If it is too acidic now, cold stabilizing and potassium bicarb as Wade said will help, just don't try to use a lot of the pot bi-carb or it can leave a salty aftertaste.


----------



## lloyd (May 31, 2010)

I made some apple wine from the green apples it was very high in acid but fermented well and did not seem to be too sour after I sweetened it at the end of fermentation I was worried that it would re-ferment but it"s Alcohol content at 15% seemed to prevent that also filtered with vinjet and added 6 camden tabs to 5 gal.


----------



## JohnT (Jun 2, 2010)

I would invest $7 in a simple acid test kit. Know for certian what you acid levels are. You can then adjust accordingly.


----------



## RoseyRed (Jun 4, 2010)

JohnT said:


> I would invest $7 in a simple acid test kit. Know for certian what you acid levels are. You can then adjust accordingly.



I actually have a friend who does just that with the wine that she purchases. She, herself, isn't a wine maker but a wine aficionado who prefers her wine to be incredibly smooth and of a low acidity. I think buying the acid test kit is probably the most accurate and efficient way to tell if you're doing the right thing. Unfortunately, I'm new to the process so I can't tell you how to fix it. Ouch. lol.


----------



## Rock (Jun 4, 2010)

RoseyRed said:


> I actually have a friend who does just that with the wine that she purchases. She, herself, isn't a wine maker but a wine aficionado who prefers her wine to be incredibly smooth and of a low acidity. I think buying the acid test kit is probably the most accurate and efficient way to tell if you're doing the right thing. Unfortunately, I'm new to the process so I can't tell you how to fix it. Ouch. lol.

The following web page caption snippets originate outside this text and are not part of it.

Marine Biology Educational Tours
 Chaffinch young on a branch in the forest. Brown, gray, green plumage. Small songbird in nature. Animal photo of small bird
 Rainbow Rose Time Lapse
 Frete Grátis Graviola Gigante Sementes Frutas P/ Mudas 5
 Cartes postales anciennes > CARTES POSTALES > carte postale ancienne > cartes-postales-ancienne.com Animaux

The most accurate way is using a ph meter to do an acid test.


----------



## PPBart (Jul 2, 2010)

tarheel2010 said:


> So i made a 5 gallon batch of muscadine wine (28 lbs. muscadine, 8 lbs. scuppernog) and am going to bottle tomorrow.



Did you follow a specific recipe? I make muscadine almost every year and I'm always interested in refining my recipes.

And I agree with others who recommend testing acid level (!)


----------